There are many faces to validating a CellML model. If it is represented in XML we can validate the wellformedness and conformance of its structure. Independent of it's representation syntax we can validate if it is valid according to the rules of the language - such as the dimensions of connected variables, the connectivity between encapsulated components, etc. Following this we move up through the levels of modelling, i.e. we have valid the model within its immediate definition of form, but now we'd like to validate it at the mathematical and biological levels. A couple of examples might help make this clearer :

  1. quasi-steady state approximation, along with its mathematical and biological assumptions.
  1. valid participants in a reaction, and valid representation - i.e. given steady state approximation is ok, is it reversible?
  1. connections between particular biological components considered incorrect
  1. need to add many more examples here

The rules for such validation are expected to be represented in the ontolgy data. Some of these rules will be fundamental principles of math and biology, others may have more to do with maintaining interpretable modelling abstractions, such as the interpretation of a particular membrane compartment that can be re-used in other models.

There are also other axes of validation. Considering many of these models come from publications, there are other potential errors.

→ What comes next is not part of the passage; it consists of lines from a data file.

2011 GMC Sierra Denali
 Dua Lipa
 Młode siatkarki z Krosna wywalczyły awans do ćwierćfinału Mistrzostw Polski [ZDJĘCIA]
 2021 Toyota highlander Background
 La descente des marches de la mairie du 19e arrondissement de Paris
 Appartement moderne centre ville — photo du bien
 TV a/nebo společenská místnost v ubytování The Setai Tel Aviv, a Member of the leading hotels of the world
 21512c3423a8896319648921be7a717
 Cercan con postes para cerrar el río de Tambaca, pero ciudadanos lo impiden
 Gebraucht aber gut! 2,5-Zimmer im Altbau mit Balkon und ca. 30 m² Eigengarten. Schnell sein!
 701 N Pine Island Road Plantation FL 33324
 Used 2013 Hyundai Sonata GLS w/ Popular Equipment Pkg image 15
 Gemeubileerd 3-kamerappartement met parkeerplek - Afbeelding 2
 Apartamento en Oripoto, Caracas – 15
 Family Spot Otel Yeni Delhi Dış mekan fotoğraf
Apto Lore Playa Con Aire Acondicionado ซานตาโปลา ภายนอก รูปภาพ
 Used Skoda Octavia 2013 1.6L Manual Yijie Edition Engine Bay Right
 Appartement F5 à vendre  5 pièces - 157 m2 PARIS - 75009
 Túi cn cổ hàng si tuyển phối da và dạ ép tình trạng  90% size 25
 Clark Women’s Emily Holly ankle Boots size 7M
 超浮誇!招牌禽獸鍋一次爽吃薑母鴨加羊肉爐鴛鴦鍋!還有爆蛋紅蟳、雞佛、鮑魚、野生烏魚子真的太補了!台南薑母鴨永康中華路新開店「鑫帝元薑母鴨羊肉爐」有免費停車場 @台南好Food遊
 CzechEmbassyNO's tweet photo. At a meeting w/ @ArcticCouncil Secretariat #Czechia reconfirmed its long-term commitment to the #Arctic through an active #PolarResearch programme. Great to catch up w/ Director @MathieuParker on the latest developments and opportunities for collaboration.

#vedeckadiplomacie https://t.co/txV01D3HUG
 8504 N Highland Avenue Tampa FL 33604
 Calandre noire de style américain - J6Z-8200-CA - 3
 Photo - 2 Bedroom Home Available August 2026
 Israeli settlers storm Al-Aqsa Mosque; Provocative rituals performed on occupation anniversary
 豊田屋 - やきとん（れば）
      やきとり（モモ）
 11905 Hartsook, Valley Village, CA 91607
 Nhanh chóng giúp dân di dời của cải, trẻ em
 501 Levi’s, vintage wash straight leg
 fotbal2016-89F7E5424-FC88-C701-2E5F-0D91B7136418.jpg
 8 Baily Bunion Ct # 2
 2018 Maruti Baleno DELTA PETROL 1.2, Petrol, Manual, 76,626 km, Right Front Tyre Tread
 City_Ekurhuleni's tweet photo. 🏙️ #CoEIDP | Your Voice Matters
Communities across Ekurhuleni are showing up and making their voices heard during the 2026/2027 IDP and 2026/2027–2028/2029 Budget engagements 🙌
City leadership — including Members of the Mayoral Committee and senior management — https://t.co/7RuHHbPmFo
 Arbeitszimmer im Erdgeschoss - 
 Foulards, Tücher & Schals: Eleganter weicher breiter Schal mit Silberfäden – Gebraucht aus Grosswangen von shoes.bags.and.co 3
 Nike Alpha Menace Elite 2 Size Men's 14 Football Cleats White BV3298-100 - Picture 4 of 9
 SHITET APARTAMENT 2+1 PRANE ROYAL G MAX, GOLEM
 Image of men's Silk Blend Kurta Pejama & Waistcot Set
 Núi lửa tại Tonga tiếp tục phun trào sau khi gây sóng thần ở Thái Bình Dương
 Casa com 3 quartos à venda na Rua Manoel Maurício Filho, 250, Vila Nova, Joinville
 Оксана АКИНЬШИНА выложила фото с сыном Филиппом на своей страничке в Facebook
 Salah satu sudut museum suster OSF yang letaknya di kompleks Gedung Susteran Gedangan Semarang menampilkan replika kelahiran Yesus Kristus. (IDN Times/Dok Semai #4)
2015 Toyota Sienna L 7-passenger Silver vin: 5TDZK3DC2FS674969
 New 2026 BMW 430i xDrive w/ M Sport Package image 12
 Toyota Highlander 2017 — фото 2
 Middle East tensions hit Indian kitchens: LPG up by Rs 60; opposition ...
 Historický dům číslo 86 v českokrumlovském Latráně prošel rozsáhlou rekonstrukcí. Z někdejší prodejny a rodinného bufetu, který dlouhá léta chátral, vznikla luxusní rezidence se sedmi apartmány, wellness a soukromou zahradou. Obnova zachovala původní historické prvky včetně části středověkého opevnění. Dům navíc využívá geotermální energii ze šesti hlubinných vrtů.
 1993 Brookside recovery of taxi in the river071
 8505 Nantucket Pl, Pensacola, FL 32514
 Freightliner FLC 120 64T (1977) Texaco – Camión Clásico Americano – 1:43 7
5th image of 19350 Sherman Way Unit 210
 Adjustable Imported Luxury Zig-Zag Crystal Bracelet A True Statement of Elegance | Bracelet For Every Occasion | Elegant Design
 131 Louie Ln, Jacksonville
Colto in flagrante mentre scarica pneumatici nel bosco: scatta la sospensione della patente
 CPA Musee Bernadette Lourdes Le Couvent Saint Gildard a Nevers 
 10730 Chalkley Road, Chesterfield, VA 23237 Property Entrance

  1. the mathematics in the paper was presented incorrectly - i.e. the math did not match the graphs(in so many words).
  1. the mathematics simply does not work

As a result of using models from publications, new ones are likely to be produced that contain perhaps more accurate mathematical constructs, or correct misused constructs. Such changes are necessarily a new model and potentially a new publication, but there is at least a requirement to reference or be able to infer that this new model was based on other particular models.

Tools

Most of the requirements above point towards various kinds of tools being necessary or produced. So far we have :

  1. Modelling languages - i.e. the languages we use for representing the models, ontology data, exchange formats etc.
  1. Model repository - in particular
  • database technologies
  • workflow tools
  1. Interfaces for simulation
  • APIs
    • CMISS
    • Matlab
  • web interfaces for running simulations and viewing results
  1. Visualization of models
  • simple - for navigation, model checking - leads towards the editor toolset
  • graphical - see rendering of CellML requirement
  1. General APIs
  • for programmers
    • C++
    • python
    • java
    • etc

General APIs can be thought of as the most direct representation of the modelling language constructs as programming objects along with some interfaces for I/O, one of which will be reading and writing serialized exchange forms. So far XML has influenced us quite heavily, and so we do think of DOM like interfaces to the language constructs. I think this is a useful interface to mixin at some points, but should not be a defining aspect of the language. If we find constructs such as parent and sibling pointers being useful, and they already seem so with things such as encapsulation, then we should make them part of our primary language structures and not rely on something like XML providing these for us.